> Extracted records:
"""

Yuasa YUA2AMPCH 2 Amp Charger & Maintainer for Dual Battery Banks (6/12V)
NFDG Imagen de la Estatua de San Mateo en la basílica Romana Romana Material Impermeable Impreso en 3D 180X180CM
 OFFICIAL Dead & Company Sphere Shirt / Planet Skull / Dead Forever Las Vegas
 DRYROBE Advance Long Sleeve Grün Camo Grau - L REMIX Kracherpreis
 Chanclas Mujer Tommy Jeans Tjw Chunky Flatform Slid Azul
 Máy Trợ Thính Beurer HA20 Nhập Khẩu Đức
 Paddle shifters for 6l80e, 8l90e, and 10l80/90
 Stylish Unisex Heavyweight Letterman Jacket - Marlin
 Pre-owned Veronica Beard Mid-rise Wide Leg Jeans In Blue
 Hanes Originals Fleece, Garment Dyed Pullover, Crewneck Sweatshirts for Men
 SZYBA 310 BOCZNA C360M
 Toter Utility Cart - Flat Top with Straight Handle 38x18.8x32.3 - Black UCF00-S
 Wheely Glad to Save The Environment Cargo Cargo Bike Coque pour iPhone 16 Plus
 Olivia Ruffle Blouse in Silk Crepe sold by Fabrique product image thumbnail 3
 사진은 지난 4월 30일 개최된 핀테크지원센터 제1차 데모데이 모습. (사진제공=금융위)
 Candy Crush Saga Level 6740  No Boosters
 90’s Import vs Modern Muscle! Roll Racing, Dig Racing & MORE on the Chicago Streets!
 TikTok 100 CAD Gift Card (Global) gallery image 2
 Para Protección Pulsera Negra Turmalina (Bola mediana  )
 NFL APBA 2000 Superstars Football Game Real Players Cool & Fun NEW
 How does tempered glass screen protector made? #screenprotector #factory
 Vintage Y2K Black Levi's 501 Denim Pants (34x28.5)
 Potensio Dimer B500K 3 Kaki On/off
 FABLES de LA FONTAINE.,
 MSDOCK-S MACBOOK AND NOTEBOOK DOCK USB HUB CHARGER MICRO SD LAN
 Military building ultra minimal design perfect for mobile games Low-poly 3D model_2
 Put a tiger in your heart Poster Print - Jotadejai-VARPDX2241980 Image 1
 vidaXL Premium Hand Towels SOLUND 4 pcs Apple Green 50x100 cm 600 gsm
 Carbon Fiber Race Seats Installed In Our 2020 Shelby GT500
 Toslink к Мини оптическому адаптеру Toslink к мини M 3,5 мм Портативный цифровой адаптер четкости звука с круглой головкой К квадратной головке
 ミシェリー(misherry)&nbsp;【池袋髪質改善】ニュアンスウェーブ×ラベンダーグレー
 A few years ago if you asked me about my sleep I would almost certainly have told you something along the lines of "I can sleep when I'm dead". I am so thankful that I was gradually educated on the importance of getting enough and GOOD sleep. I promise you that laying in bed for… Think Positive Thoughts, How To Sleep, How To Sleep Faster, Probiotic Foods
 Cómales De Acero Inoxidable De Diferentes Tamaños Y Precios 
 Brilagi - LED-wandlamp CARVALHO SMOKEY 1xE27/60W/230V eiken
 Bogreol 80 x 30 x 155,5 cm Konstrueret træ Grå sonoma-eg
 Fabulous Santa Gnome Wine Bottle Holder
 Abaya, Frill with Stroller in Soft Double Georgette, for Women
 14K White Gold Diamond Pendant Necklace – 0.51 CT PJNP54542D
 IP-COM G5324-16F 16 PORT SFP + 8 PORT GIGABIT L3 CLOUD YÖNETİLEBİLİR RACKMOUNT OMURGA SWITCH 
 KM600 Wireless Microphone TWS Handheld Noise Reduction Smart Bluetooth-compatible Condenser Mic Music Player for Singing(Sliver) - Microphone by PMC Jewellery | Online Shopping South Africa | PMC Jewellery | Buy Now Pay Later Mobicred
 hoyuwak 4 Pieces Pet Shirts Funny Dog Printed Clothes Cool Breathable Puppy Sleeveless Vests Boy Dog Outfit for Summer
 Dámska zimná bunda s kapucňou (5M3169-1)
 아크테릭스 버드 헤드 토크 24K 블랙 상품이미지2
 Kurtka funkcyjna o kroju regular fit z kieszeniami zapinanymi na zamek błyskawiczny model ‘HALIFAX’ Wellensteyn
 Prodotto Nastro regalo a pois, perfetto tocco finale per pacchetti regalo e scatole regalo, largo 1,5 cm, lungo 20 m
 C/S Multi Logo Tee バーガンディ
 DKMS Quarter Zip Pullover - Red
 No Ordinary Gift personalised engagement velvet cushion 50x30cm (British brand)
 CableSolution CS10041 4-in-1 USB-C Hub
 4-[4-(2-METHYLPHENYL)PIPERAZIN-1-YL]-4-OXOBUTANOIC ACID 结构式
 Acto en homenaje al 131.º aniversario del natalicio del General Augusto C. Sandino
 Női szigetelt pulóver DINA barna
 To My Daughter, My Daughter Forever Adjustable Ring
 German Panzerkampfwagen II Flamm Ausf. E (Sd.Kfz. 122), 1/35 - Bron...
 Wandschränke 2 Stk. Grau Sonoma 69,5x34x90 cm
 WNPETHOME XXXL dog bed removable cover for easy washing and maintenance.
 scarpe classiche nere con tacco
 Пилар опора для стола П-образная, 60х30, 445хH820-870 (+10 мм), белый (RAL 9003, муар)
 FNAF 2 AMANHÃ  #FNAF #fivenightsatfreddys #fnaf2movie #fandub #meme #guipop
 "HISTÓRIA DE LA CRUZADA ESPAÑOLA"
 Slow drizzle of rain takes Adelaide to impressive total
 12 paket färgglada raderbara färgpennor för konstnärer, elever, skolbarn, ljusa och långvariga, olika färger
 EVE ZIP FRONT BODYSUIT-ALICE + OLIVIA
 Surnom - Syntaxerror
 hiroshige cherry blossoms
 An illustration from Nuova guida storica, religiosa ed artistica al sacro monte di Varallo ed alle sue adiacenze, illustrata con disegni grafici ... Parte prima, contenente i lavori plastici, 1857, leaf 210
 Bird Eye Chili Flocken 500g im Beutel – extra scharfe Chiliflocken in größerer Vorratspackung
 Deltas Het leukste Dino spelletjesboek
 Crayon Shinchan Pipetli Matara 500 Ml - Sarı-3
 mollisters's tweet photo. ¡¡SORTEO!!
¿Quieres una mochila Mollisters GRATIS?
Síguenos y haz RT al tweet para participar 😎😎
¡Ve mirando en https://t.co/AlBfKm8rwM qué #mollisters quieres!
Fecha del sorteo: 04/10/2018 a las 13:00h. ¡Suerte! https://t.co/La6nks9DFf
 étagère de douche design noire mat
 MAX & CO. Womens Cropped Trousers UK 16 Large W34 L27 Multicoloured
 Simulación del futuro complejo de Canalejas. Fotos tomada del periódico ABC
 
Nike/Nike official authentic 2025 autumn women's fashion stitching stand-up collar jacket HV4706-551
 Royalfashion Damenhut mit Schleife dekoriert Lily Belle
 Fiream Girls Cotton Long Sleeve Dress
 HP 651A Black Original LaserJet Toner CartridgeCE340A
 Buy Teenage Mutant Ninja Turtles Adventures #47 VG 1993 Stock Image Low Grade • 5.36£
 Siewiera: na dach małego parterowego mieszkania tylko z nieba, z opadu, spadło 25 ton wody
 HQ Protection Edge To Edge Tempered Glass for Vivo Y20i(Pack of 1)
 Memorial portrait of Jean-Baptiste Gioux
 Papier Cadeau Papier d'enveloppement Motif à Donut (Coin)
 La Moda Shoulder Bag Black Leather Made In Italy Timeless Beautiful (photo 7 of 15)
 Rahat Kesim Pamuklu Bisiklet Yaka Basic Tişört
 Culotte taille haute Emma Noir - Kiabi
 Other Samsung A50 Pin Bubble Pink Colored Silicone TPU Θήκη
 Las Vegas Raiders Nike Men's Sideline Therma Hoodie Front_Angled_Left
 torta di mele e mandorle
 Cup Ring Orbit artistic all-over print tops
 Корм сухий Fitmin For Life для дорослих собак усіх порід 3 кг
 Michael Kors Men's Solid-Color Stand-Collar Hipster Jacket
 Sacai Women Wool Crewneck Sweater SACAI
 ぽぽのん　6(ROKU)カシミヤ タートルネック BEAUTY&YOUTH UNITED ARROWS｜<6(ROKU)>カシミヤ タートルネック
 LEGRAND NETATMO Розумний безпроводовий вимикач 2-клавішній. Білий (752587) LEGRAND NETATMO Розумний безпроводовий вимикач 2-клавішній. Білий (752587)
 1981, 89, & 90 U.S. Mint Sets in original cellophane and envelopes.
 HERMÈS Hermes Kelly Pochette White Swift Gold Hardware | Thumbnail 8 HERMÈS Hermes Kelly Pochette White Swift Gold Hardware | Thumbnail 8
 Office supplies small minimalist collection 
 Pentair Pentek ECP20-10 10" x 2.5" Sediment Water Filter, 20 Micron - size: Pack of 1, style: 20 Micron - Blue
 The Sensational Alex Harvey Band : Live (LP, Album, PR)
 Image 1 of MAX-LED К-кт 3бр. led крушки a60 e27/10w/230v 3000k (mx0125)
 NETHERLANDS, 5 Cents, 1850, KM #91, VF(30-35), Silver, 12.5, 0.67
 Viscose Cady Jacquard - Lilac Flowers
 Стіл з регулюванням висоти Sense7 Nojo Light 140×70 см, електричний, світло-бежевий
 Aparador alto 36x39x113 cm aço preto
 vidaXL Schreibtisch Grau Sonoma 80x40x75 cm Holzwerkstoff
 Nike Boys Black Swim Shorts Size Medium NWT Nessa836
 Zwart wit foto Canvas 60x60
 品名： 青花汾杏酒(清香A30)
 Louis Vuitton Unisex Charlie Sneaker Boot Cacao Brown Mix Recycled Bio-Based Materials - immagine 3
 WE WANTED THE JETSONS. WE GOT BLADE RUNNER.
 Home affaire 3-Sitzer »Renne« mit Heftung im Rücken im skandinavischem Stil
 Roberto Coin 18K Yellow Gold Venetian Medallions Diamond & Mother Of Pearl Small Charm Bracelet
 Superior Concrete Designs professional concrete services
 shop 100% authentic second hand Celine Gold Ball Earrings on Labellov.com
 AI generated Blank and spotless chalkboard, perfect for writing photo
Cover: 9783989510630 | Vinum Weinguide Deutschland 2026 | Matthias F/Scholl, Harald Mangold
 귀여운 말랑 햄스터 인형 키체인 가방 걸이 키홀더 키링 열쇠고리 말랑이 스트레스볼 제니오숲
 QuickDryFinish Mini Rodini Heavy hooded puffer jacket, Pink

"""

> What needs to be done:
Please reproduce exactly the lines above, beginning with the first and ending with the line that contains "OFFICIAL Dead &", and include nothing outside that range.

> Your solution:
Yuasa YUA2AMPCH 2 Amp Charger & Maintainer for Dual Battery Banks (6/12V)
NFDG Imagen de la Estatua de San Mateo en la basílica Romana Romana Material Impermeable Impreso en 3D 180X180CM
 OFFICIAL Dead & Company Sphere Shirt / Planet Skull / Dead Forever Las Vegas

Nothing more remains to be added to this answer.